Por Leonardo Boff
Mais que resposta a problemas a Igreja mesma é um problema. No século XVI com a Reforma protestante dilacerou-se o corpo da cristandade e na Igreja criou-se um problema: entre tantas Igrejas, qual é a verdadeira? Para reafirmar-se, organizou uma defensiva chamada Contra-Reforma. A partir do século XVII com o despontar da razão crítica e da secularização, agravou-se o problema da Igreja: tem sentido ainda a religião, a revelação e a Igreja? Novamente para defender-se, organizou outra defensiva contra o mundo moderno. Os dois processos ocasionaram uma excessiva centração da Igreja sobre si mesma e assim sua marginalização do curso da história. O Papa João XXIII que tinha enorme bom senso captou o equívoco da defensiva. E também foi suficientemente humilde para perceber que sozinho não poderia fazer um acerto de contas, sem dividir a Igreja. Convocou os bispos do mundo inteiro, reunidos no Concílio Vaticano II (1962-1965) para encontrar juntos uma resposta positiva. Em consequência a Igreja se entendeu a si mesma como Povo de Deus, viu a necessidade do diálogo ecumênico com as Igrejas e com as demais religiões e a urgência do mesmo diálogo com o mundo moderno, valorizando suas principais conquistas. Nasceu um novo rosto da Igreja moderna. É a Reforma Católica que tanta esperança e vida nova tem suscitado pelo mundo afora.

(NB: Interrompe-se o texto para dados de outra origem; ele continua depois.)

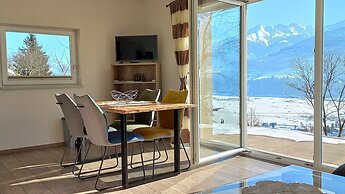 Bright Flat Close to the ski Area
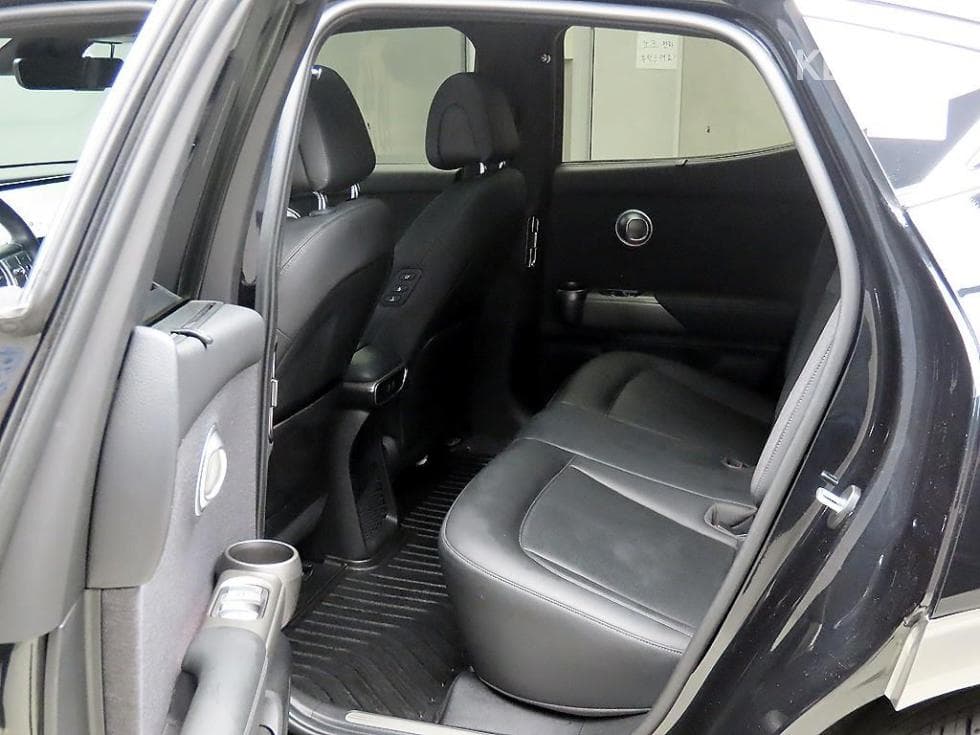 Дженезис GV60Стандартен 2WD Стандартен - 6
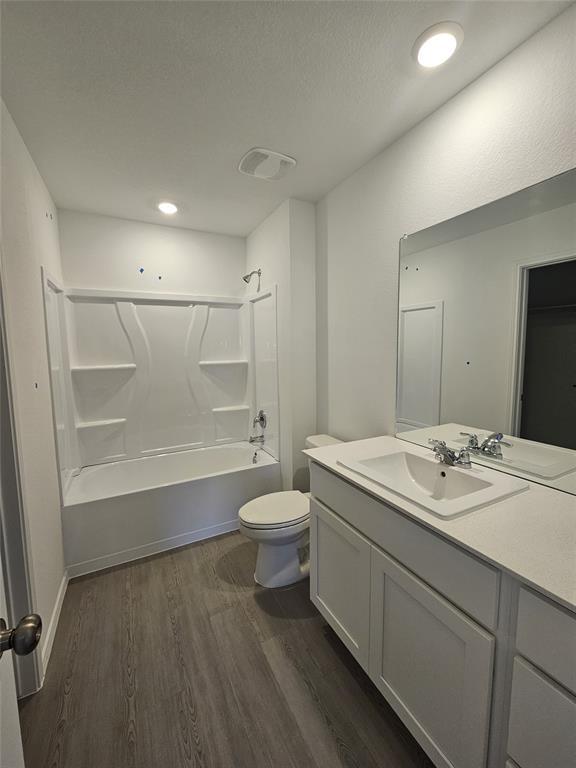 Photo - 2304 Blizzard Dr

Entretanto, em todos os processos de mudanças há sempre resistências e oposições. Elas predominaram naquelas Igrejas que eram perseguidas como na Polônia e em setores importantes da Cúria vaticana, notoriamente conservadora.
Desta área veio o Papa João Paulo II. Com ele começa uma Contra-Reforma contra a Reforma Católica. Retoma o conceito de Igreja fundamentalmente como Hierarquia. Reafirma que as outras Igrejas não são propriamente Igrejas, tendo apenas elementos eclesiais e sustenta que a Igreja é a única religião verdadeira e que os professantes das religiões do mundo estão em grave risco de salvação. É o conteúdo essencial do documento Dominus Jesus do ano 2000 publicado pelo Card. Ratzinger e aprovado pelo Papa. O coração ecumênico continuou organizando encontros cordiais, mas a cabeça fundamentalista criou um sentimento avassalador: a Igreja Católica não muda mesmo e conserva sua arrogância fundamental. Este fechamento se manifestou em quase todos os âmbitos, na administração da Igreja, na doutrina, na moral especialmente no que se refere à sexualidade e à mulher. O Pontificado de João Paulo II significou um longo hiato no processo de atualização da Igreja. Foi uma tentativa de voltar ao modelo anterior, da Igreja bastião de verdades ao invés da casa de janelas e portas abertas a todos de boa-vontade.
O desafio nestes dias é este: irão os cardeais escolher um Papa que retoma a Reforma Católica do Concílio Vaticano II com as contribuições das Igrejas do Terceiro Mundo que deram centralidade aos pobres e à justiça ou um Papa que prolonga a Contra-Reforma, com o uso da dramatização mediática, da centralização na figura do Papa e na Cúria, com um discurso apenas moralizante sobre os pobres e a justiça? Pouco importa o Papa, o que importa é que tenha o bom senso de um João XXIII e convoque um concílio de todas as Igrejas para juntas darem uma contribuição sem arrogância às graves questões da humanidade. Que o Espírio os ilumine.